Zenay Jordaan lives her rugby dream




Nine years after taking up rugby as a sport, Springbok Women’s star player Zenay Jordaan’s dream of becoming a professional rugby player has become a reality, and she is still in awe since signing her national contract in January.

The slightly built 22-year old, standing at only 1.56m tall, is one of 15 elite Springbok Women’s Sevens players who recently received contracts for the first time in South African rugby history. Adding to this achievement, she was named SARU’s 2013 Women’s Achiever of the Year at the annual awards banquet at Gold Reef City in Johannesburg.

Despite her petite frame, Jordaan certainly has the skill and determination to establish herself as a star attraction on the international women’s rugby circuit.

The Middelburg-born flyhalf started playing rugby at the age of 14 in 2005 and made her way into the national Under-20 and Springbok Women’s teams three years later.

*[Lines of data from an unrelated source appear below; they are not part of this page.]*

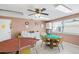 Well-lit game room with ceiling fan, cabinets, and two tables for social gatherings and entertainment at 3128 59Th S St # 206, Gulfport, FL 33707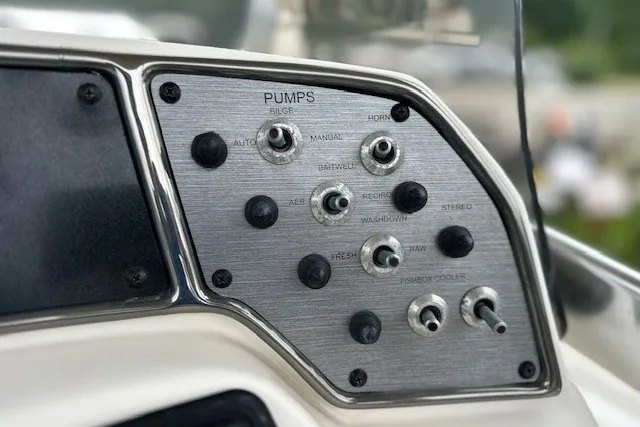 Slide: The Image of Control panel of a 2012 Scout 210 XSF boat with various switches and labels. - 14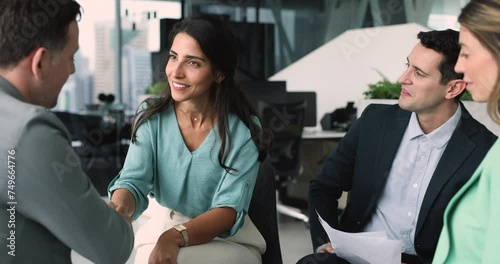 Diverse businesspeople shaking hands accomplish formal meeting in company office, smile handshaking express regard after successful negotiations, conclude deal, succeed agreement. Business, etiquette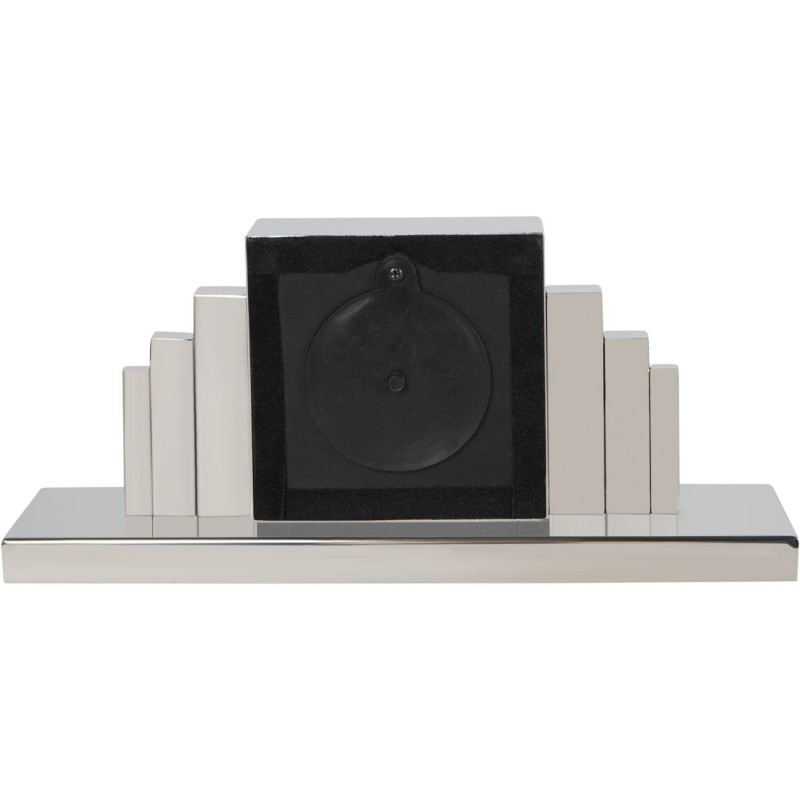 Silver mantel clock displayed on an elegant sideboard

She may be one of the youngest players in the squad, but she already boasts an impressive rugby resume which includes playing in two IRB Rugby World Cup Sevens tournaments and a 15-a-side IRB Women’s Rugby World Cup, among other international competitions.

Off the field Jordaan is easy-going and always carries a smile. She enjoys listening to music, watching movies, spending time with family and friends, and playing golf and garden cricket.

Rugby aside, she is a former sprinter and long jump athlete, with her sporty roots stretching back to her parents. Her father is a former Eastern Province rugby player and her mother a former provincial table tennis player. With this background it is no surprise that Jordaan’s parents are not only her biggest fans, but have also been the most influential people in her rugby career.

Her deep-rooted passion for rugby started in their presence as a young girl watching rugby on television at home, and playing the occasional game in the street with the boys in her neighbourhood.

“As a youngster I spent weekend’s watching rugby with my parents, and this sparked my love for the sport,” said Jordaan. “At first I joined the guys playing rugby in my street, but my first meaningful steps in rugby was when I joined the Middelburg Stormers in 2005. After my first training session I never looked back. “

Similarly to most female rugby players Jordaan says there were mixed reactions at home initially about her decision to play rugby, but in the last few years her parents have made every effort to attend her matches when possible.

“My dad was very supportive when I told him I had taken up rugby, but my mother was totally against it. As a result, I had to sneak out of the house to attend training sessions and matches, but it wasn’t long before my mother would arrive at the field looking for me,” she says with a chuckle. “Ironically a few seasons later my mother was the one insisting that my school should grant me permission to travel with SA Under-20 and national teams. My mother remains concerned about potential injuries, but my parents are very proud of me and this has certainly influenced my career.”

Being part of the Elite Springbok Women’s Sevens squad, Jordaan resides with her team-mates in a residential programme in Port Elizabeth supported by the Eastern Province’s Department of Sport, Recreation, Arts and Culture. But given the player’s extensive travels across the Sevens and fifteens codes in the last few years, she has been forced to become independent.

“I am used to being away from home because we have been travelling since I was in the SA Under-20 structures, so it wasn’t a big adjustment to move to Port Elizabeth,” said the young player. “There are days where one longs for your family, but playing rugby for a living has been my dream for many years, and I now have the opportunity to do so in a professional environment, which is a privilege.”

Given her passion for rugby, even the player’s role models are rugby stars, team-mate Lorinda Brown and Springbok Sevens stalwart Cecil Afrika, while her favourite team is the men’s Springbok Sevens side.

In the next three months Jordaan will participate in the Hong Kong Invitational Sevens tournament, an African Sevens tournament in Kenya and the IRB Women’s Sevens World Series in Amsterdam.

She will then turn her attention to fighting for a place in the 26-member squad travelling to the 15-a-side IRB Women’s Rugby World Cup in France from August 1 to 17.

“My two main goals this year are to do my best on the Sevens circuit and to be selected for the Rugby World Cup squad,” said Jordaan. “Every sports man and woman dreams of representing their country. It doesn’t matter how many times you have worn the green and gold jersey in the past, it remains an honour and a privilege to be selected for the national team.”